Big Questions for My Teaching of Physics Course
In spring, I’m teaching “Teaching of Physics” again. Here is my stab at trying to organize my thinking about that course around 3 big questions:
Understanding Physics: What does it mean to understand physics content in deep and meaningful ways? What do such understandings look like in general? What does this look like in particular with respect to the specific domains of physics content that I will likely teach?
Learning Physics: How does meaningful physics learning develop? What do my students need to be engaged in for this to happen? In what ways are exemplary physics curricula / instructional practices organized to engage students in these ways?
Teaching Physics: What do I as a teachers need to know and to be able to do to effectively orchestrate exemplary instruction that supports students in meaningful learning? What practices and habits of mind should I consider high-leverage and generative for me in developing as a teacher?
I’ve tried lots of other ways of organizing it, but this is where I’m at now.
Next steps:
(i) What specific learning outcomes do I think are most important?
(ii) What would count as evidence that students have learned those things?
….
When a Student Teaches the Teacher about Teaching
Today, I didn’t have time to revise the sample problem I’m supposed to do in physics.

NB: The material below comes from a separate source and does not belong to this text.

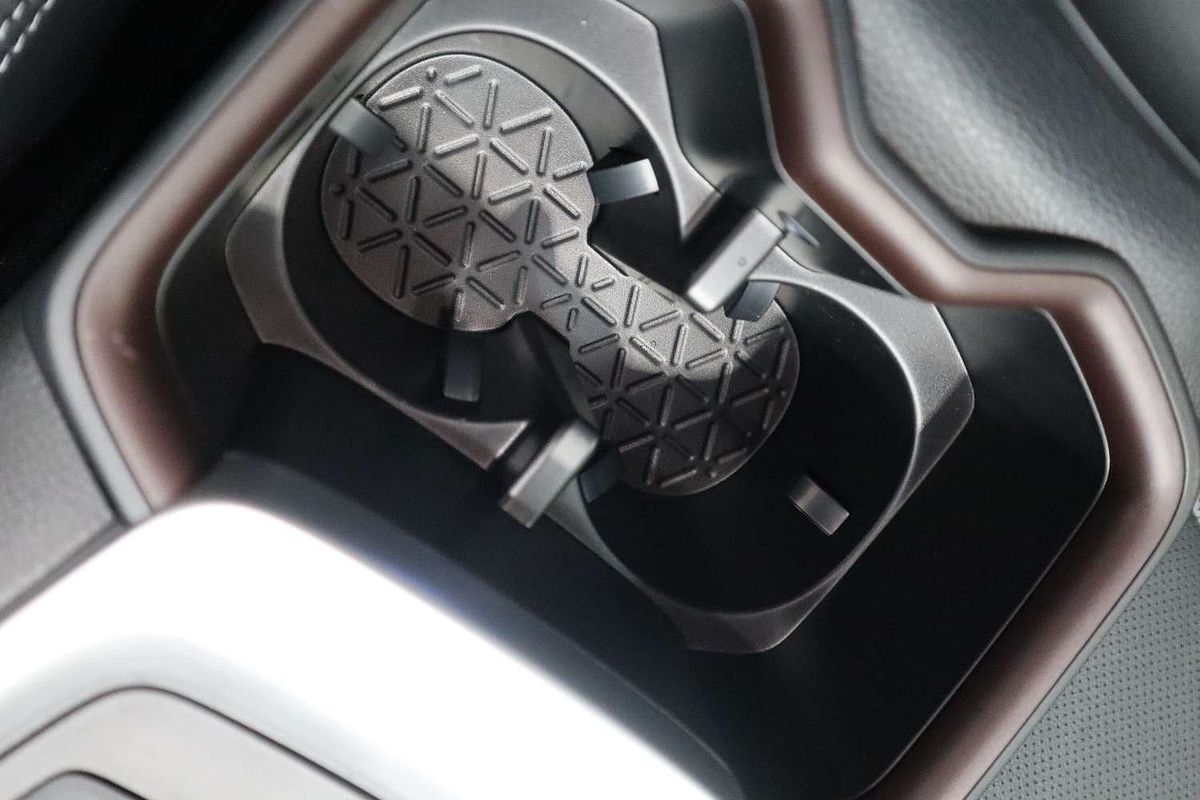 2024 Toyota RAV4 Cruiser AXAH52R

So I worked the sample problem as given. We were doing standing waves. In the particular problem, there was a string with both ends fixed and we were told it was vibrating in the second harmonic. In this case, the wavelength is equal to the length of the string.
After my sample problem, students were given a problem where the string was vibrating in its fifth harmonic. A fourth of the class did it correctly, drawing it out and concluding that the wavelength must be 2/5 the string length. Half the class did it wrong saying that the wavelength was equal to the string length. And a third of the class said the wavelength was 5/2 of the string length. As I was walking around, I asked a student why they thought so many people were making these mistakes.
She responded without hesitation, “The sample problem was poorly designed. You shouldn’t have given us an example in which the wavelength and the string length were equal. That makes it easy for everyone to think that’s what you are supposed to do every time. Plus dividing by 1 or multiplying 1 gives you the same result, so it’s easy for people to mix it up. Next year, you should use a different harmonic to set up the problem.”
I wish my future physics teachers knew had to unpack a sample problem like that, and see how it might lead to over-generalizations and misinterpretations.